> INPUT MATERIAL
+ + + +

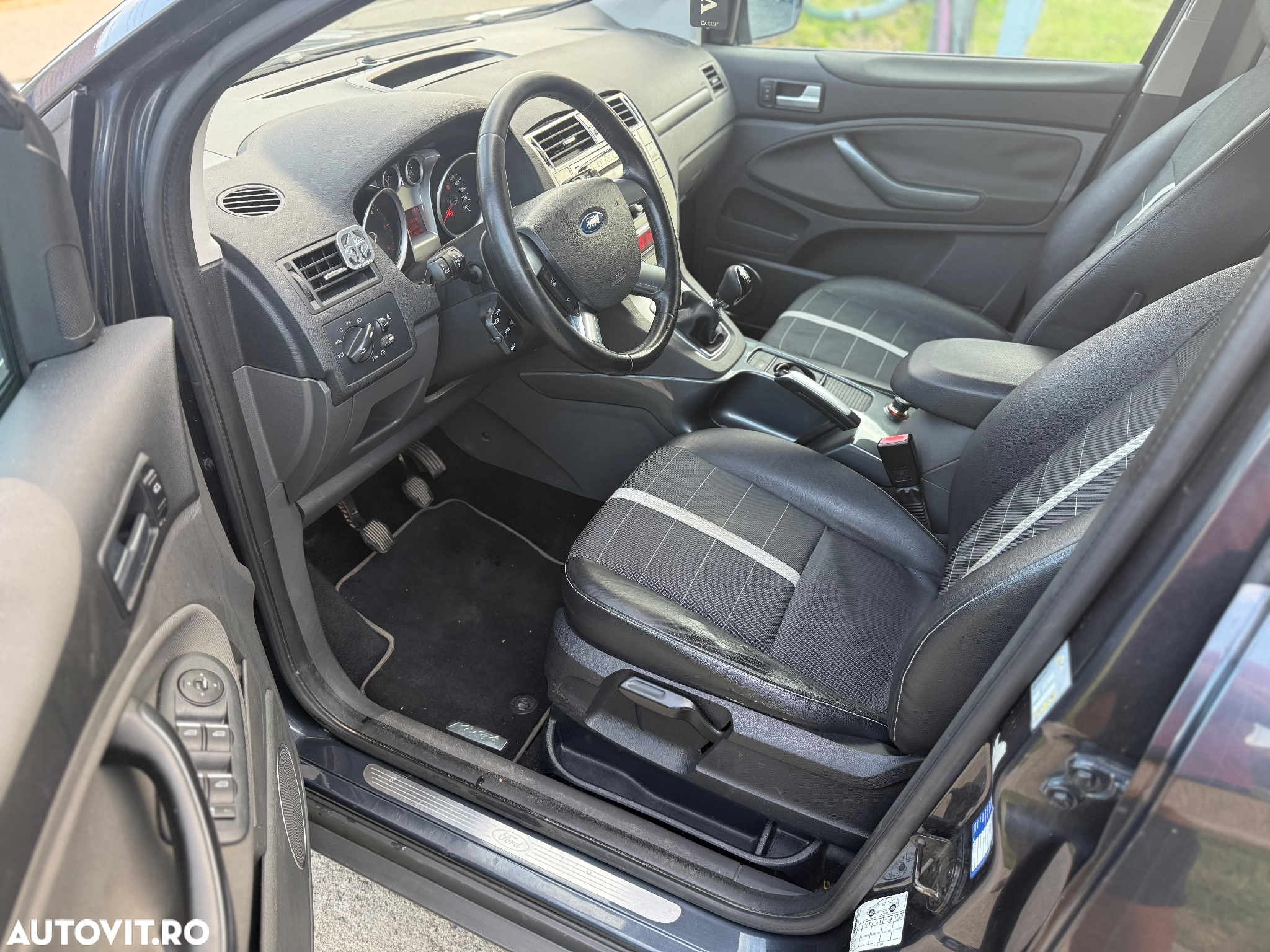Ford Kuga 2.0 TDCi 4x4 Titanium - 8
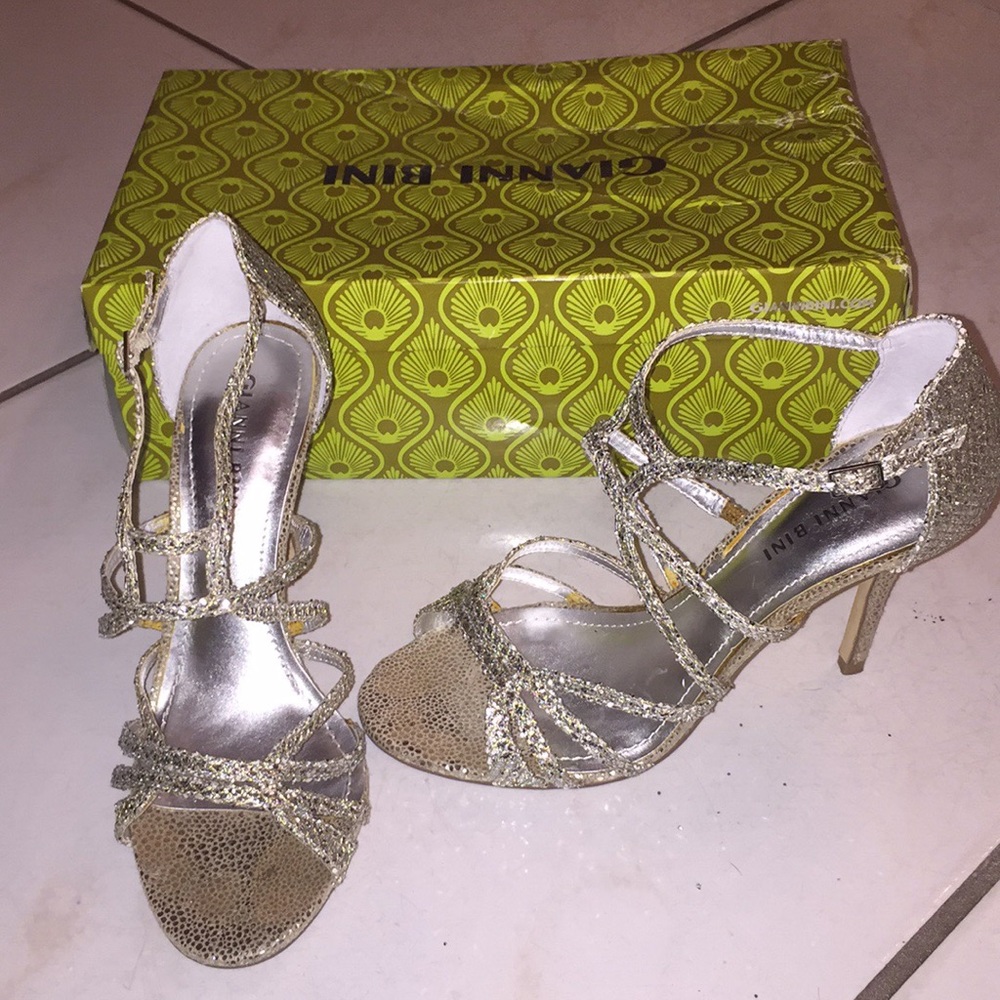 Gianni Bini silver strappy heels
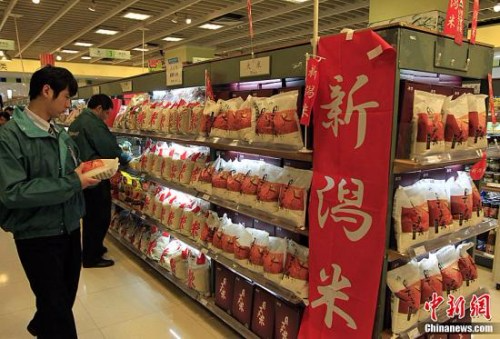 资料图：此前，在上海一家以经营日本食品为主的超市里，日本大米如常上柜。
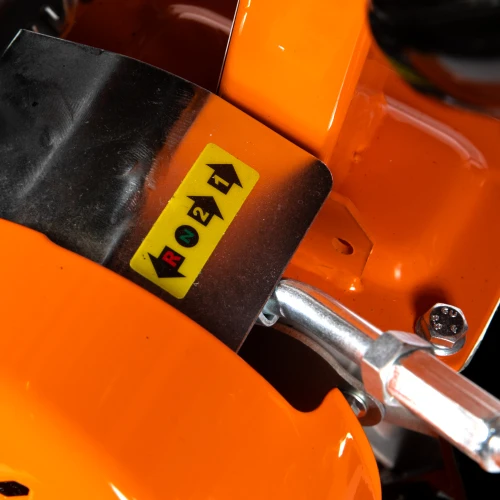 Motocultor Detoolz 8cp 212cc, benzina 4T, 3 viteze, pornire manuala, cu roti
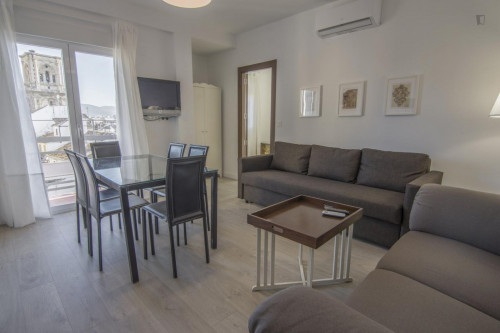 Modern 2-bedroom apartment near Catedral de Granada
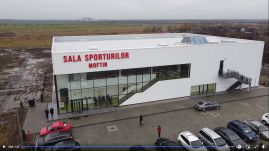 Modern sportcsarnokot szemlélt meg Cseke Attila miniszter Szatmár megyében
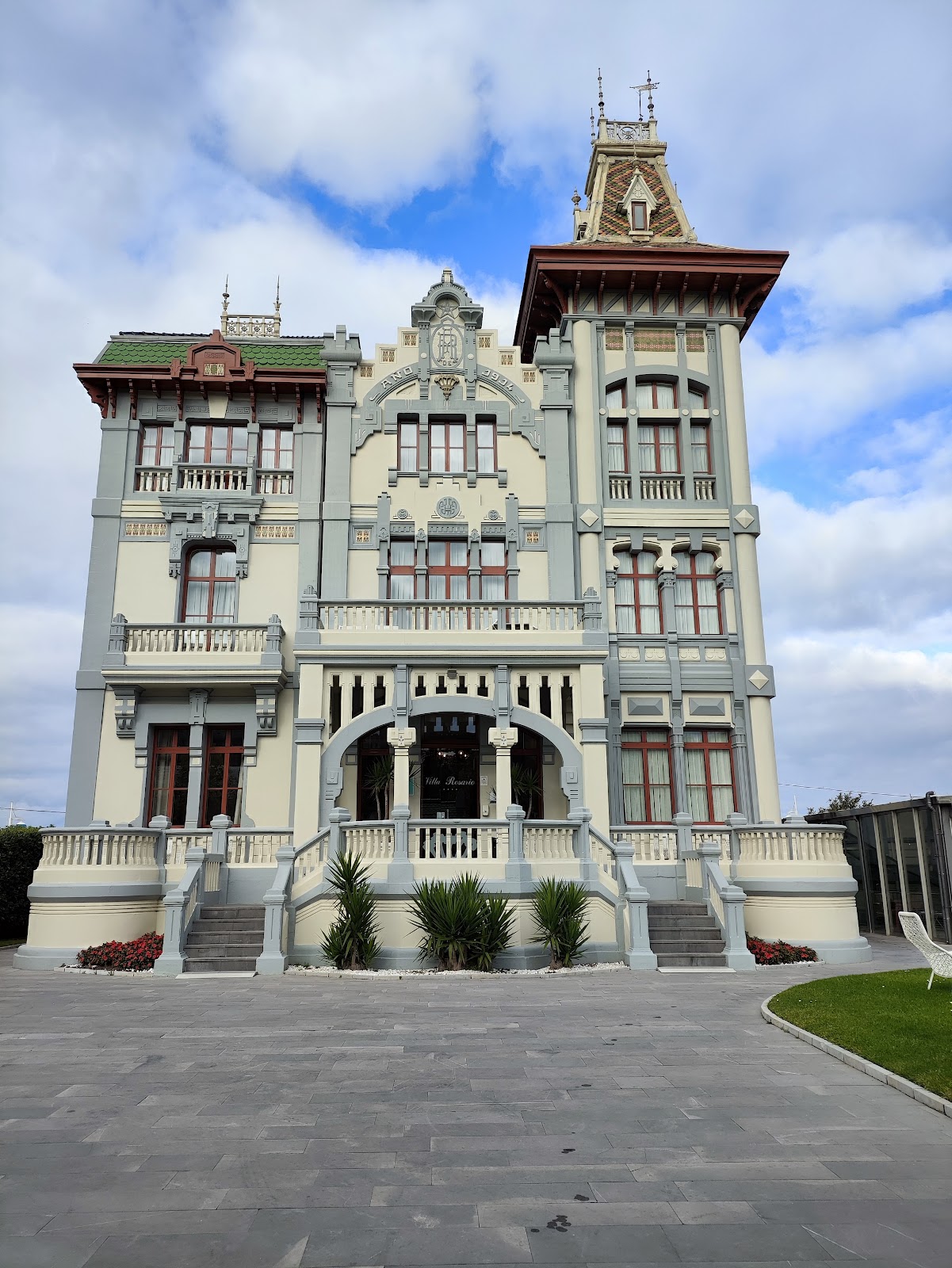 Hotel Villa Rosario II (edificio moderno), hotel accommodation in Ribadesella on the Camino del Norte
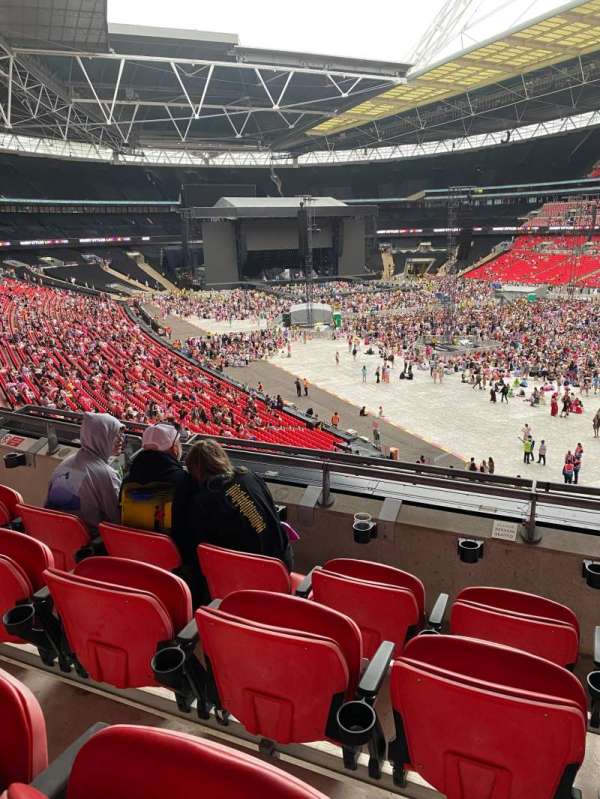Wembley Stadium, bloc: 219, rangée: 4, place: 141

+ + + +

> TASK DETAILS
Retype each record exactly as it appears above and drop the images.

> RESULT BELOW
Ford Kuga 2.0 TDCi 4x4 Titanium - 8
 Gianni Bini silver strappy heels
 资料图：此前，在上海一家以经营日本食品为主的超市里，日本大米如常上柜。
 Motocultor Detoolz 8cp 212cc, benzina 4T, 3 viteze, pornire manuala, cu roti
 Modern 2-bedroom apartment near Catedral de Granada
 Modern sportcsarnokot szemlélt meg Cseke Attila miniszter Szatmár megyében
 Hotel Villa Rosario II (edificio moderno), hotel accommodation in Ribadesella on the Camino del Norte
Wembley Stadium, bloc: 219, rangée: 4, place: 141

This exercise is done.